I will tell you about the Binder project, how to use it to share work, what the tools behind it are, and how you can join the team working on Binder.
8:00pm - 8:45pm: Nearest neighbors in scikit-learn estimators, API challenges, by Tom Dupré la Tour
Scikit-learn is a very popular machine learning library in Python.
It is well known for its simple and elegant API, which has been reused in multiple other Python libraries.
However, some parts of the library could still benefit from a better API.
In particular, several scikit-learn estimators rely internally on some nearest neighbors computations.

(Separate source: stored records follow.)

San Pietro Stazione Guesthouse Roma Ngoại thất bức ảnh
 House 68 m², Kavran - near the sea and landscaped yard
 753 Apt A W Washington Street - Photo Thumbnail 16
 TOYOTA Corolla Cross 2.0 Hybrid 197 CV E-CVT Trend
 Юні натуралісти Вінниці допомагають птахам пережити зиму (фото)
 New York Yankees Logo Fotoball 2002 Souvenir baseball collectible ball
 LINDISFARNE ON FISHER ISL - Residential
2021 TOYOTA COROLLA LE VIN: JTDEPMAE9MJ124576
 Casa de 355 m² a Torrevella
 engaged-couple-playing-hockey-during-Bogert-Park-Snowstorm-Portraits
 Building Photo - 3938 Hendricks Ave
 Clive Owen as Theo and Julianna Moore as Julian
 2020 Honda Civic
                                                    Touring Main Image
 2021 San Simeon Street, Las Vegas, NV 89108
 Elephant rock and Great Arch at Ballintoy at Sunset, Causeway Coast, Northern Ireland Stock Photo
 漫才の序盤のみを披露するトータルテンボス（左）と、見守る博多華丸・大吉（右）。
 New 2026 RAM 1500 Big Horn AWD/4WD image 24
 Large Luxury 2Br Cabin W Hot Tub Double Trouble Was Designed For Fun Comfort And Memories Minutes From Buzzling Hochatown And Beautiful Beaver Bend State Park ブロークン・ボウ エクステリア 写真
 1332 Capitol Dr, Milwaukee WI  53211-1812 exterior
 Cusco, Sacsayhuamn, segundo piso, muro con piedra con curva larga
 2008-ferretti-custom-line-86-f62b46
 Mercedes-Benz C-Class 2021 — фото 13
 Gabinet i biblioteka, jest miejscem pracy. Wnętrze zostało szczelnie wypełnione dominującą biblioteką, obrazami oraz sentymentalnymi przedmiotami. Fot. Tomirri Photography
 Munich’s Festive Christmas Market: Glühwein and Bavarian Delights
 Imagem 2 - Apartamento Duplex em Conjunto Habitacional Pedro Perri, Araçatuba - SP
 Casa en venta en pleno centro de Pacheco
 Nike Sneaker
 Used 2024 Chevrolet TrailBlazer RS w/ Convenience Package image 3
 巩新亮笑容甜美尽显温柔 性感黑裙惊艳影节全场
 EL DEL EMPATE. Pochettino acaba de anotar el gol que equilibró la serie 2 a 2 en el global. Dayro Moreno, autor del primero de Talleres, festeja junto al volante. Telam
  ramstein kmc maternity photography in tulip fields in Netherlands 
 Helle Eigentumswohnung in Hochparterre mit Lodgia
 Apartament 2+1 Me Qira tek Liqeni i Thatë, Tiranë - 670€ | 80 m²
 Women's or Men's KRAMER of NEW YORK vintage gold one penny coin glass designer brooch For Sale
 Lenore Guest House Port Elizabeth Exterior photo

Yet, they use different API, they can't use custom neighbors estimators, and during a grid-search they recompute the nearest neighbors graph for each hyper-parameter.
We will present ongoing work on improving their API, discussing implementation and deprecation challenges.
Tim Head builds data driven products for clients all around the world, from startups to UN organisations. His company www.wildtreetech.com specialises in digital products that leverage machine-learning and deploying custom JupyterHub setups.
Tim contributes to the Binder project and helped create scikit-optimize. When he isn’t travelling he trains for triathlons.
Tom Dupré la Tour is a third-year PhD student at Télécom ParisTech, interested in signal processing, machine learning and neural oscillations.
He joined the core developer team of scikit-learn in 2015.